ZeroVO: Visual Odometry with Minimal Assumptions

This repository contains the code that accompanies our CVPR 2025 paper ZeroVO: Visual Odometry with Minimal Assumptions. Please find our project page for more details.

Overview

We introduce ZeroVO, a novel visual odometry (VO) algorithm that achieves zero-shot generalization across diverse cameras and environments, overcoming limitations in existing methods that depend on predefined or static camera calibration setups. Our approach incorporates three main innovations. First, we design a calibration-free, geometry-aware network structure capable of handling noise in estimated depth and camera parameters. Second, we introduce a language-based prior that infuses semantic information to enhance robust feature extraction and generalization to previously unseen domains. Third, we develop a flexible, semi-supervised training paradigm that iteratively adapts to new scenes using unlabeled data, further boosting the models' ability to generalize across diverse real-world scenarios. We analyze complex autonomous driving contexts, demonstrating over 30% improvement against prior methods on three standard benchmarks--KITTI, nuScenes, and Argoverse 2--as well as a newly introduced, high-fidelity synthetic dataset derived from Grand Theft Auto (GTA). By not requiring fine-tuning or camera calibration, our work broadens the applicability of VO, providing a versatile solution for real-world deployment at scale.

Datasets

We use KITTI, Argoverse 2 and nuScenes dataset along with in-the-wild YouTube videos. Please find their websites for dataset setup.

Datasets	Download Link
KITTI	The KITTI dataset can be downloaded from the official source here. All other datasets, after processing, will adhere to the same directory structure as the KITTI dataset.
Argoverse 2	The Argoverse 2 dataset can be downloaded from the official source here. Once downloaded, the subset corresponding to the VO task can be extracted using the provided script located in the data directory.
nuScenes	The nuScenes dataset can be downloaded from the official source here. Once downloaded, the subset corresponding to the VO task can be extracted using the provided script located in the data directory.
GTA V	The GTA dataset can be downloaded here. Once downloaded, please extract the contents by running the following command: unzip GTA.zip
YouTube	Approximately 50 hours of driving footage were selected from videos published on the YouTube channel J Utah, featuring a diverse range of driving scenarios. A more comprehensive list of driving videos from YouTube can be found here.
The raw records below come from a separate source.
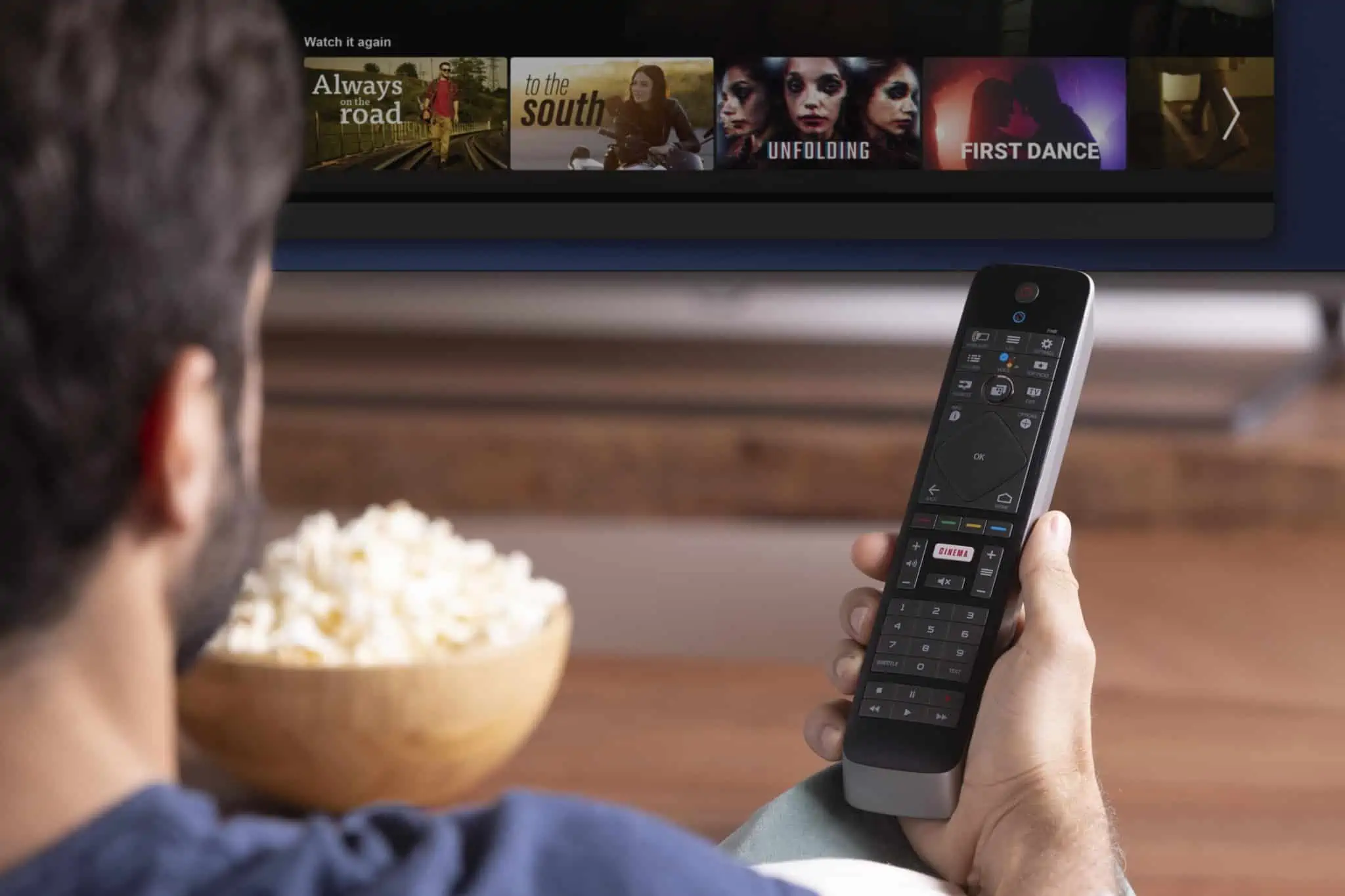 Como poupar nas subscrições de serviços e aliviar as despesas mensais jovem rapaz a ver TV com subscrições, a segurar comando e uma taça de pipocas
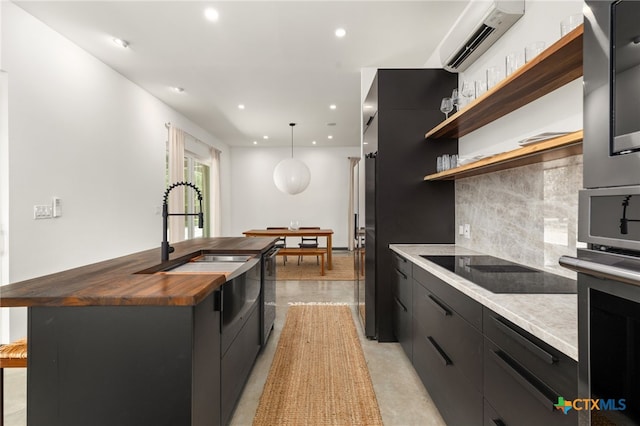 105 Schroeder St, Lockhart, TX 78644 - kitchen featuring recessed lighting, an AC wall unit, black electric stovetop, wood counters, and tasteful backsplash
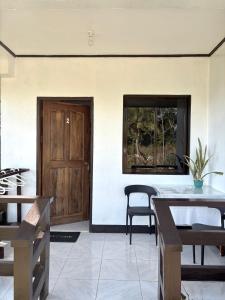 a room with a table and chairs and a wooden door at Zara's Casa Rental in Siquijor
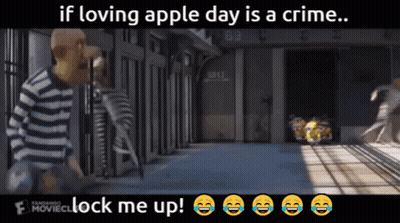 A Cartoon Of A Man In A Striped Shirt With The Words If Loving Apple Day Is A Crime Lock Me Up GIF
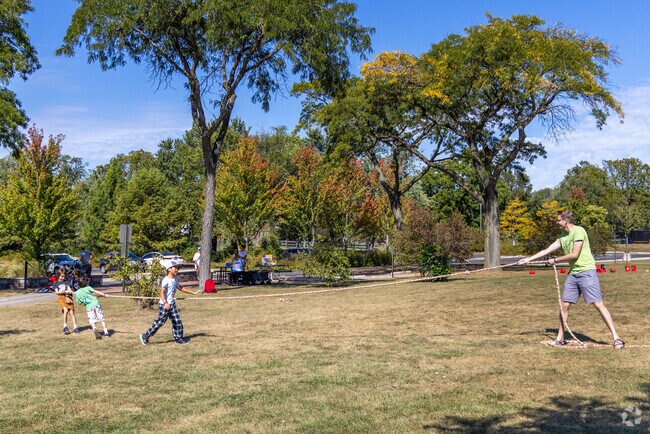 Woodland Park is a 17-acre green space with sports fields, playgrounds, and a walking path.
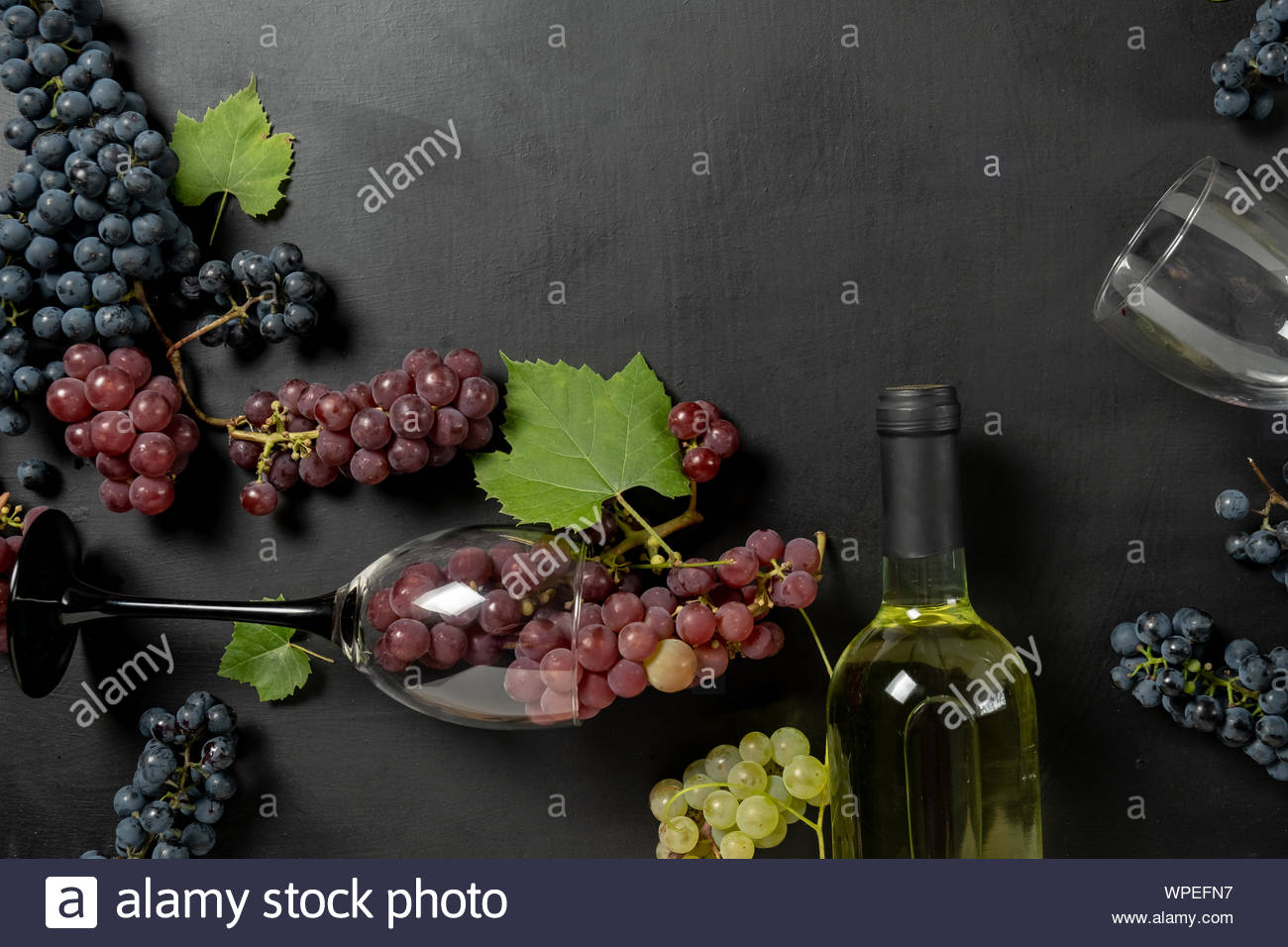 Bottle Two Wine Glasses Fresh Grapes And Leaves On Black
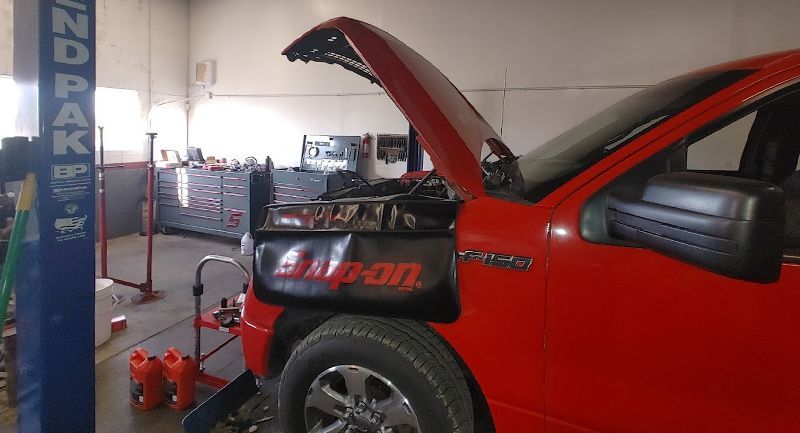 Red pickup truck with the hood open in a repair shop.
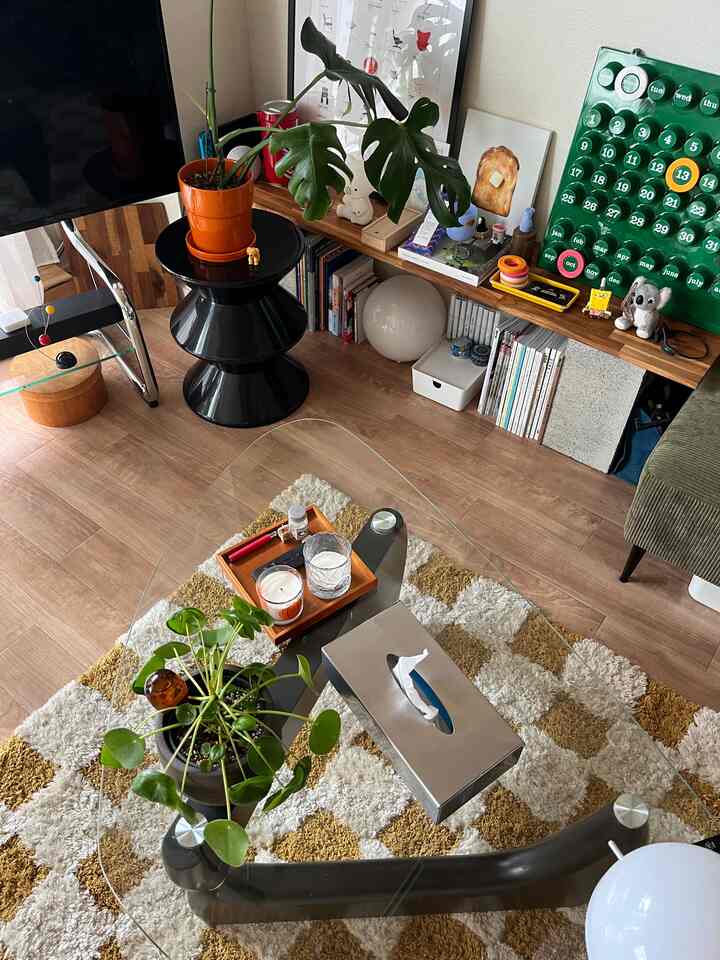 ナチュラルな色調のリビング、ガラスのコーヒーテーブルに多様な植物が配置されたシンプルな空間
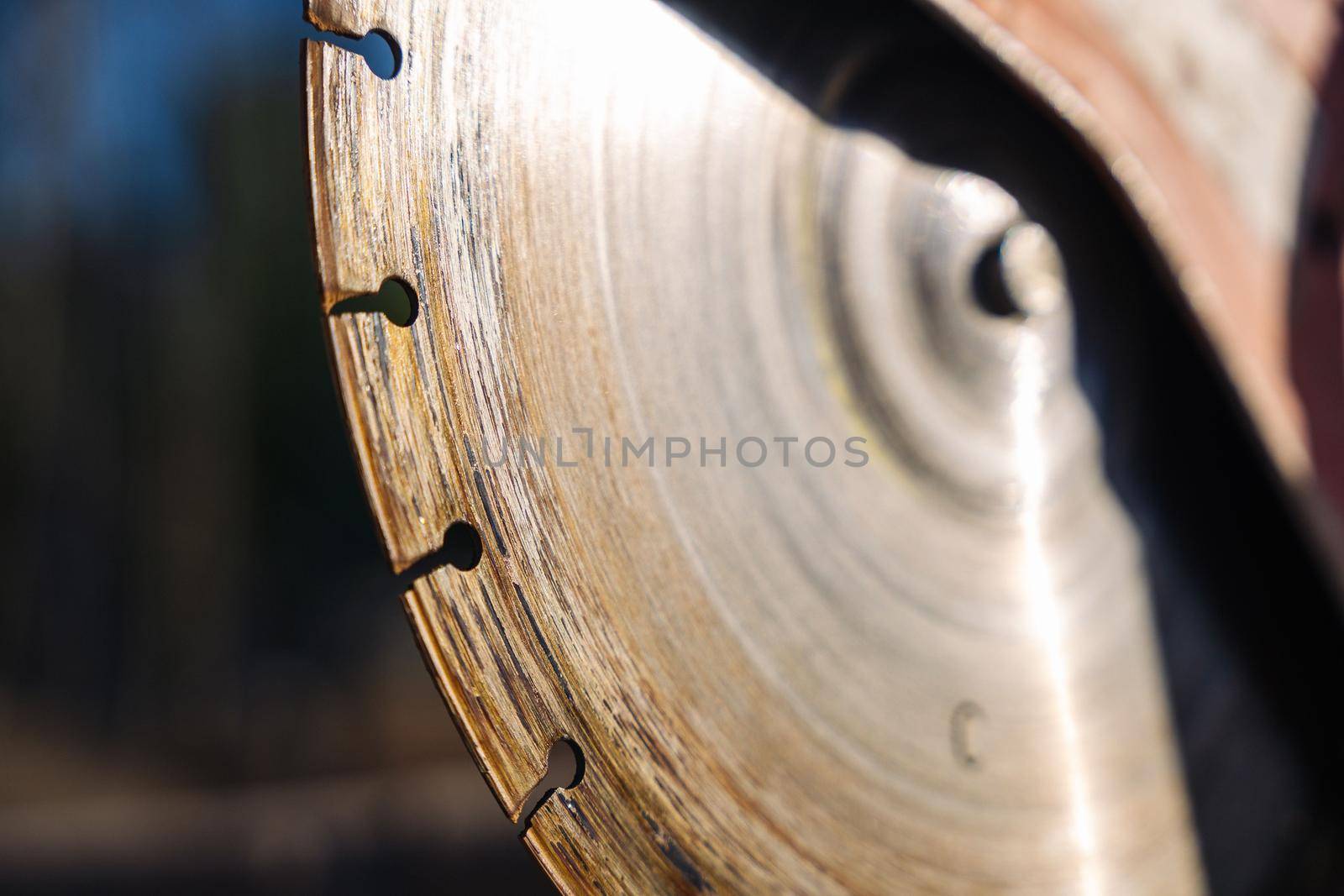 close-up of a saw with a disc for cutting concrete and paving slabs. gasoline hand saw on concrete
The directory structure within the data folder is organized as follows:

data/ 
├── KITTI/
│   ├── kitti_est_intrs.json
│   ├── text_feature/ 
│   ├── depth_est_intrs/ 
│   ├── sequences/ 
│   └── poses/
├── Argoverse 2/
│   ├── stereo_front_left_est_intrs.json
│   ├── text_feature/ 
│   ├── depth_est_intrs/ 
│   ├── sequences/ 
│   └── poses/
├── nuScenes/
│   ├── cam_front_est_intrs.json
│   ├── text_feature/ 
│   ├── depth_est_intrs/ 
│   ├── sequences/ 
│   └── poses/
├── GTA/
│   ├── est_intrs.json
│   ├── text_feature/ 
│   ├── GTA_Depth_est_intrs/ 
│   ├── sequences/ 
│   └── poses/

The estimated camera intrinsics, metric depth, and text features are available for download here. Alternatively, users may regenerate these components using WildCamera for intrinsics estimation, Metric3Dv2 for metric depth prediction, and LLaVA-NeXT and SentenceTransformers for text feature extraction.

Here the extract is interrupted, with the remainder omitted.